Ulf Wiger has also written a parse_transform, Exprecs, that more or less does this for you automagically. I've never tried it, but Ulf's code is usually very good.
I solve this problem (in development) by use the parse transform tools to read the .hrl files and generate helper functions.
I wrote a tutorial on it at Trap Exit.
We use it all the time to generate match specs. The beauty is that you don't need to know anything about the current state of the record at development time.
However once you are in production things change!
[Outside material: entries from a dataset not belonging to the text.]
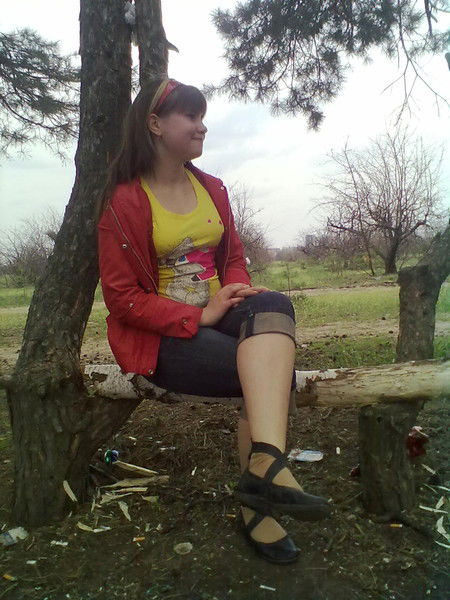 Алёна Ткалич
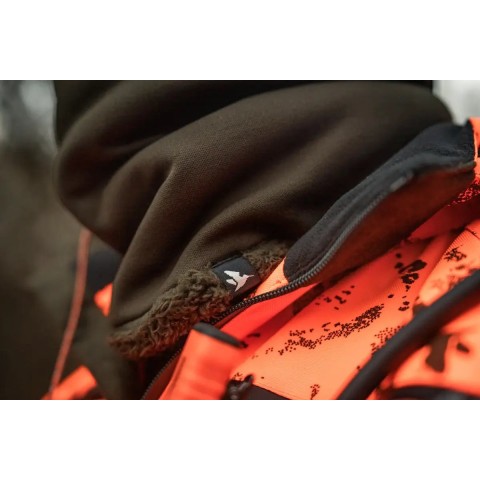 Мультиповязка Seeland Iron Neckgaiter Green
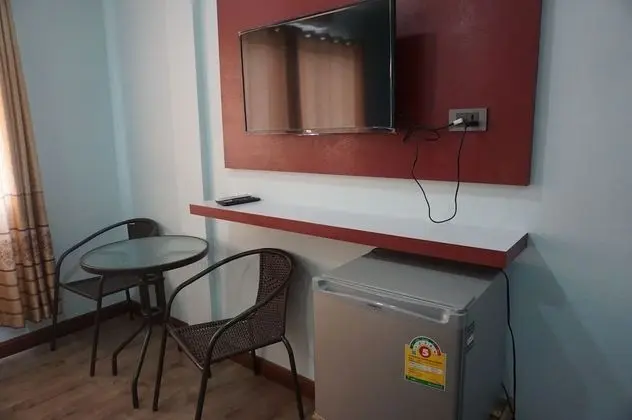 Standard İki Ayrı Yataklı Oda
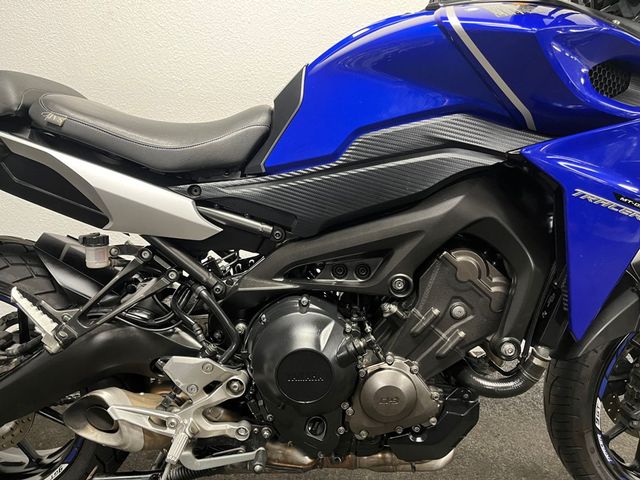 yamaha - tracer-900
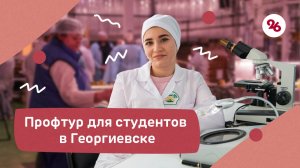 Профтуры, наставничество и практика: как на Ставрополье борются с кадровым дефицитом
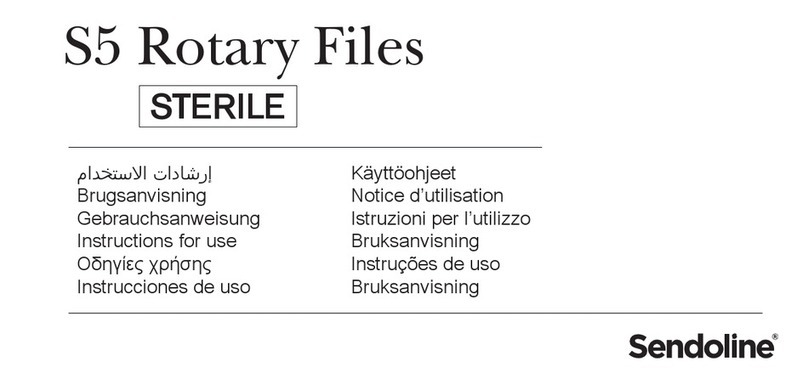 Sendoline S5 User manual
If your record is the basis of a table (as opposed to the definition of a field in a table) then changing an underlying record is more difficult (to put it mildly!).
I'm not sure I fully understand your Problem but I have moved from records to proplists in most cases. They are much more flexible and much slower. Using (d)ets I usually use a few record fields for coarse selection and then check the proplists on the remaining records for detailed selection.